When we were trying to figure out who in the world would come to the frozen depths of North Dakota last winter to watch our daughter while The Professor and I drove the slick highway one hour east to Fargo to deliver our next child we were really at a loss. How easy it would've been if we lived in the same place as at least one family member. "Hey, can you come over here I think I may be having a baby right now."
Lots of people offered but the reality of getting here in late December can be tricky at best. Once we went to Minneapolis on a spur-of-the-moment weekend trip over New Year's Eve—a week later we returned home after they had once again opened the interstate following a 90 car pile up. Ground blizzard is term I was not familiar with until moving here, that's when snow is not necessarily falling from the sky, but blowing around in 40-mile-an-hour wind like a massive, white sand storm, blinding everything in sight.
The Professor's father finally agreed to fly up from Dallas (no interstate travel required). Packed in his suitcase were foot-long quills of fragrant canela or Ceylon cinnamon. This softer, more delicate cinnamon is commonly brewed as a tea or used to add subtle spice to mole sauce, but my first inclination was to steep it with cream and sugar and spin it into ice cream.

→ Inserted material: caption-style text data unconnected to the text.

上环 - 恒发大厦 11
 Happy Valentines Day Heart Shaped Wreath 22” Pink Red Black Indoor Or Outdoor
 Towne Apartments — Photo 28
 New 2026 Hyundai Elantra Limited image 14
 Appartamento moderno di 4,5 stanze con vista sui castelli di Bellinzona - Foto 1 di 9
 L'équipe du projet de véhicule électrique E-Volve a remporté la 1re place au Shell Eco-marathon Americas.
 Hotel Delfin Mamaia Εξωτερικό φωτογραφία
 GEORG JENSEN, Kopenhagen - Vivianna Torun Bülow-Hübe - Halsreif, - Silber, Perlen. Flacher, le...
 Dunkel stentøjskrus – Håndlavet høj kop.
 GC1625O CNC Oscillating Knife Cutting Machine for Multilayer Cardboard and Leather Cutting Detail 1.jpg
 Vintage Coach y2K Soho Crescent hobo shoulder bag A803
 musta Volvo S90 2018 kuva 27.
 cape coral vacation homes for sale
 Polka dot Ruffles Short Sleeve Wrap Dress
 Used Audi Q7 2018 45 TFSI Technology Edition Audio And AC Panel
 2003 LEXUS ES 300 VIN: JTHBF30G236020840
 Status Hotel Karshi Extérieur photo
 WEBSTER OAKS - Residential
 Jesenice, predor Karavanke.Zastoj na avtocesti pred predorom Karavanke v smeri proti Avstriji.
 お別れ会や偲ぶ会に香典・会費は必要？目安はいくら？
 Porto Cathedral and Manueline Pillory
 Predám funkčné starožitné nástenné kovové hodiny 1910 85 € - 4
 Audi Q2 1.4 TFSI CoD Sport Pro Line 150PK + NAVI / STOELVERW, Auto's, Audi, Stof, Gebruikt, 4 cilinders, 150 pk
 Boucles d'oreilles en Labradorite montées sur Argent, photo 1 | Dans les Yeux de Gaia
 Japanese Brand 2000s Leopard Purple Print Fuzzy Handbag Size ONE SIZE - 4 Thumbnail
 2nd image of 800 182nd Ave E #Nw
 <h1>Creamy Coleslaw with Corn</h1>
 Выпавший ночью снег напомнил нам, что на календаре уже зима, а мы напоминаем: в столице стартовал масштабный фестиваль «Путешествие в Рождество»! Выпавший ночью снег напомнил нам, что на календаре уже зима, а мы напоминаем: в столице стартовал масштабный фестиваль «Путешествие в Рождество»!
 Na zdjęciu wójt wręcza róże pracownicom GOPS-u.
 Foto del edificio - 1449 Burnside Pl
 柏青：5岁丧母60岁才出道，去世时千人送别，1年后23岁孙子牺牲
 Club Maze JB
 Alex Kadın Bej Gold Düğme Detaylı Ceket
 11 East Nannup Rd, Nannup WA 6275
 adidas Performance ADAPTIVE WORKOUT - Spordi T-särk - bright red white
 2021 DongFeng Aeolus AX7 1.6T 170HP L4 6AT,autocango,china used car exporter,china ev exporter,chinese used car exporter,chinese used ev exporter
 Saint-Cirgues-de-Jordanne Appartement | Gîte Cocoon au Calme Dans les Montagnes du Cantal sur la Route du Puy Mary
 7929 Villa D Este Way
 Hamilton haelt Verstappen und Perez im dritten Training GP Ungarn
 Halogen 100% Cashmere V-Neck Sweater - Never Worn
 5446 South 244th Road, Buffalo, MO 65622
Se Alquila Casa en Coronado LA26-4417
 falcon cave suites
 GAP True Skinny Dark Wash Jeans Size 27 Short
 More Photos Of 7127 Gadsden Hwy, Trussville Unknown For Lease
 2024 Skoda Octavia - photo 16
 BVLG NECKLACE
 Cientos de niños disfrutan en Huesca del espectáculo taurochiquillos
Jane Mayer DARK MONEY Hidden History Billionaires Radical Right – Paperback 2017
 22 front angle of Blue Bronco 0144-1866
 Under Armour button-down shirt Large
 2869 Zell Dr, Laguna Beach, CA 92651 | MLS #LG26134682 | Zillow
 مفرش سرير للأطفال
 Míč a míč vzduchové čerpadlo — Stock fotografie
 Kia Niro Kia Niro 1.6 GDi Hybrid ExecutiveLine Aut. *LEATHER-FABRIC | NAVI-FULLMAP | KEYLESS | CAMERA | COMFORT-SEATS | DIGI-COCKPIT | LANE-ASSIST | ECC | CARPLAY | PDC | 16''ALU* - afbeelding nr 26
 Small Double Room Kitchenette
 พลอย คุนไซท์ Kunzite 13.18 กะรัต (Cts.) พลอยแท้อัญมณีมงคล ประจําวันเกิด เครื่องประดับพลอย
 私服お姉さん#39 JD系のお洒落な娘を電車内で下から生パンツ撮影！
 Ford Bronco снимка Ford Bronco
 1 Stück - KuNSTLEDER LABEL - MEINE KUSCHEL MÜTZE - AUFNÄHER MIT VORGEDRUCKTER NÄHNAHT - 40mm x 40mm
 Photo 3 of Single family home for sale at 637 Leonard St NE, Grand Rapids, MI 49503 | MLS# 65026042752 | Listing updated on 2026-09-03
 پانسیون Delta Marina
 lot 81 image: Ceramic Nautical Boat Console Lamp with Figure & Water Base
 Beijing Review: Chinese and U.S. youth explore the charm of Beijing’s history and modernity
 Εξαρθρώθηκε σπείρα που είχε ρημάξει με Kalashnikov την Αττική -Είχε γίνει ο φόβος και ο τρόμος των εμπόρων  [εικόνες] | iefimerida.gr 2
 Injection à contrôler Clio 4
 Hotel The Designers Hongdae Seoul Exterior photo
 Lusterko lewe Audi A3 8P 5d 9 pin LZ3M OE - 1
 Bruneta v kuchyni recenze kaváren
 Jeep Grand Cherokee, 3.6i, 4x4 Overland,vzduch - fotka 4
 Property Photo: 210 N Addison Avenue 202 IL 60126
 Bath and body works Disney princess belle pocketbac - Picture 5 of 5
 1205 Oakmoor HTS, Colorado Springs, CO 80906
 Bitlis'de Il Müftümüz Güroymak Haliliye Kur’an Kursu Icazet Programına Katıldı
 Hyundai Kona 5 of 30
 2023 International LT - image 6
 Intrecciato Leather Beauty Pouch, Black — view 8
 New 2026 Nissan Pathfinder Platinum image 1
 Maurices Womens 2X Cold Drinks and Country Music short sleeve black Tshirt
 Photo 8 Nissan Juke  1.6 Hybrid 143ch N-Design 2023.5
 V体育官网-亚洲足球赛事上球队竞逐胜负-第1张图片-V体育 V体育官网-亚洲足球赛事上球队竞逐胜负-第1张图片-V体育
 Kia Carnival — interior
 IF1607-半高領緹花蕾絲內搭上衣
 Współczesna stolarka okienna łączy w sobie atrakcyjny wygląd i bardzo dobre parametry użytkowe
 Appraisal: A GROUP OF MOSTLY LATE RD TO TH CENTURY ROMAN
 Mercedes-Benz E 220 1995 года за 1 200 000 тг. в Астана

The flavor of canela is not as brash and spicy as its hard-bark counterpart so if you are substituting traditional cinnamon use 1 (3-inch) stick instead of 2 (6-inch) sticks called for in the recipe. And don't make the mistake of inviting a bunch of people over to your house for ice cream on the day you made it like I did only to realize that it was the consistency of super-thick créme anglaise and not scoopable ice cream. Mine wasn't truly frozen until the next morning.
Canela Ice Cream
Makes 8 servings
1 1/2 cups heavy cream
1 1/2 cups whole milk
1 cup granulated sugar
2 (6-inch) sticks canela (Ceylon cinnamon) or regular cinnamon sticks
1/2 teaspoon kosher salt
4 large egg yolks
1. Fill a large bowl halfway with ice and water and set aside. Combine cream, milk, sugar, canela, and salt in a large saucepan and bring to a simmer over medium heat. Simmer, stirring occasionally until sugar is dissolved, about 5 minutes.
2. Whisk egg yolks vigorously in a large bowl until foamy and light in color, about 3 minutes. Remove cream mixture from heat and slowly pour about 1 cup into the yolks, whisking constantly.
3. Pour cream-egg mixture back into the saucepan and cook over medium heat stirring constantly, until custard coats the back of the spoon, about 5 minutes. Do not let it boil.
4. Remove custard from the heat and strain in to a large heatproof bowl. Remove canela from the strainer and return to custard. Place the bowl of custard into the bowl of ice water and chill 10-15 minutes, stirring occasionally.
5. Once the custard is cool, cover and place in the refrigerator overnight. Remove canela and freeze mixture in an ice cream maker according to the manufacturer's instructions. Most ice cream makers do not freeze the ice cream completely and it will need 4 to 6 hours in the freezer to harden.